The nativity story seems to me to be one of radical transformation. Everyone involved sees great change of some sort. Changes not only of physical location, but also likely changes on how life might be henceforth. Many make a journey, often of considerable length and probable hardship. One imagines shepherds telling campfire stories of angels and the special baby for generations. Magi realising the implications for themselves and the world when the heavens reveal the coming of a king. Mary and Joseph wondering what life will look like in the coming years and coming to terms with it not looking like what they might have planned.  All respond to a ‘call’ of some sort. This call doesn’t regard social standing, wealth or intellect. All are invited (or somehow compelled?) to take part in the greatest transformation and mystery of all – that of the God of the universe becoming incarnate as a baby. Once again at Christmas we too are invited to consider this great transformation and how our life might henceforth change.

I don’t think it is too much to say the Bible is part of this transformation. When the Bible comes to a community in a heart-language it brings with it change for both individuals and the whole community. This article shows what happened when the new Beembe translation arrived at a village in Congo-Brazzaville. Through your support we hope our work can continue to be part of this transformation.
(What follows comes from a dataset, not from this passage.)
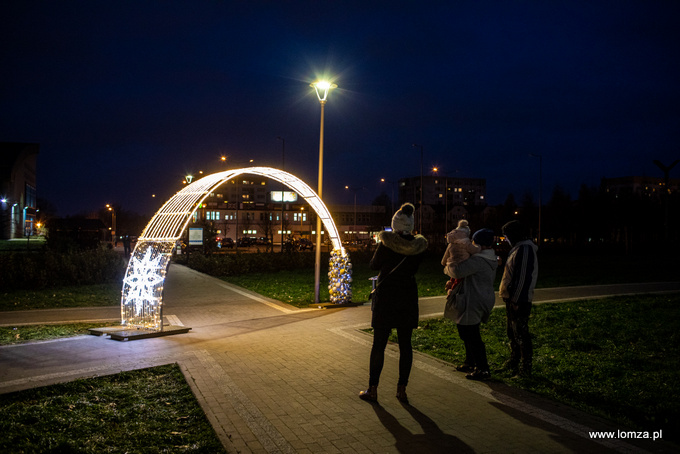 iluminacje świąteczne w Parku Jana Pawła II - Papieża Pielgrzyma w Łomży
The end of another year inevitably brings a look back to what has been achieved and a look forward to plans for the next year. We are grateful that the Singapore meetings in November saw affirmation that our research is bringing good results and should be carried forward. Specifically that we should instigate further testing early in 2017 with a view to building production software later in 2017.

Please pray:

  • Give thanks for the success of the UBS iCAP and AsLing conferences in November.
  • Give thanks for affirmation of current work and guidance for future developments.
  • For successful future testing and development work into 2017.
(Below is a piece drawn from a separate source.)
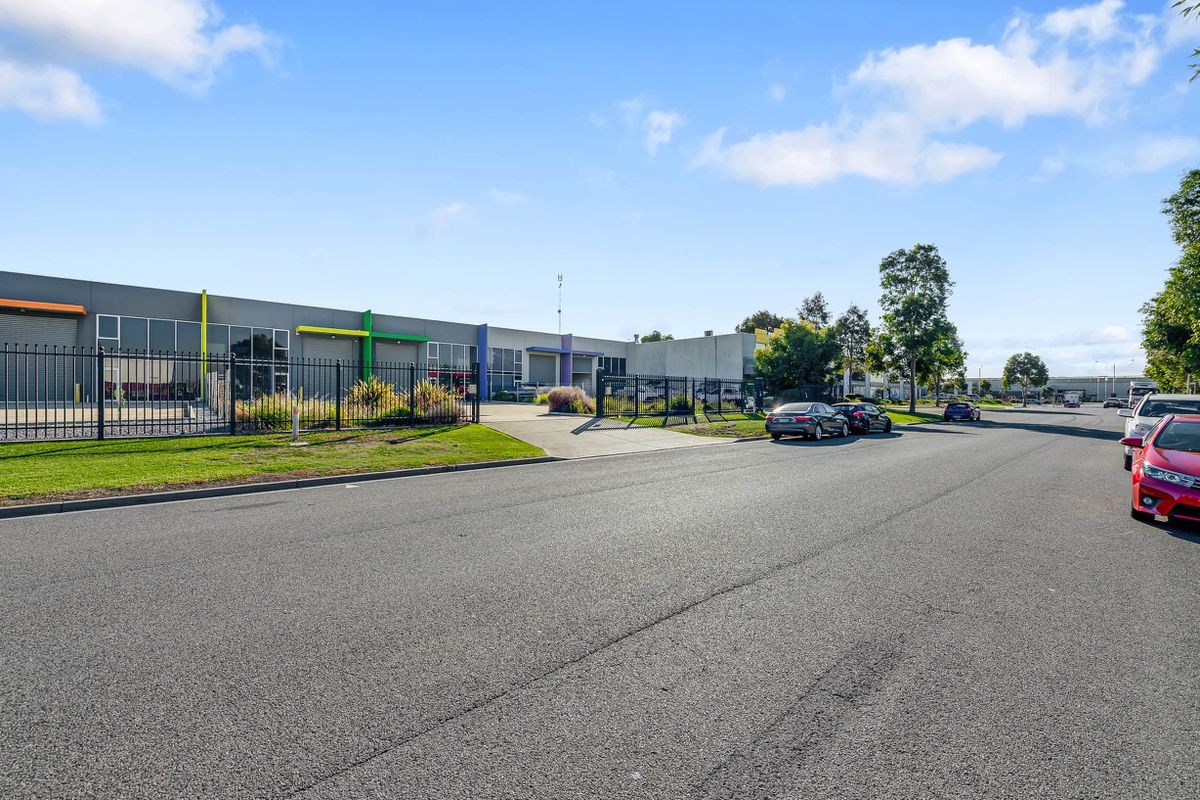 24 Drake Boulevard, Altona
One of our supporting fellowships here in the UK has set up an on-line donation page on MyDonate where you can send a donation and get the benefit of Gift Aid as well. We shall need to replace some fairly elderly computers soon and hope to use these funds towards the cost (about £4,000). If you’d prefer to donate via more traditional means please contact us at gtp@biblesocieties.org and we shall send you details.

Thank you very much!


Almighty God, you have poured upon us the new light of your incarnate Word: Grant that this light, enkindled in our hearts, may shine forth in our lives; through Jesus Christ our Lord, who lives and reigns with you, in the unity of the Holy Spirit, one God, now and for ever. Amen.

We pray you have a peaceful and blessed Christmas time.
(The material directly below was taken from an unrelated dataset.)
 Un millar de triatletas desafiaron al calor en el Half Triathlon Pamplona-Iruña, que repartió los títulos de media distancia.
As we move into the new year this prayer reminds us of the impact the incarnation can have in our lives, and of those around us.

Thank you for your continued prayers and support.

ASLING TC39

Friday 17th November 2017 found us in London attending the Association internationale pour la promotion des technologies Linguistiques (#ASLING) 39th Translating and the Computer conference (#TC39). The conference is held annually in London at the Insititute of Mechanical Engineers on Birdcage Walk under the watchful eye of George Stephenson whose portrait hangs in the conference room.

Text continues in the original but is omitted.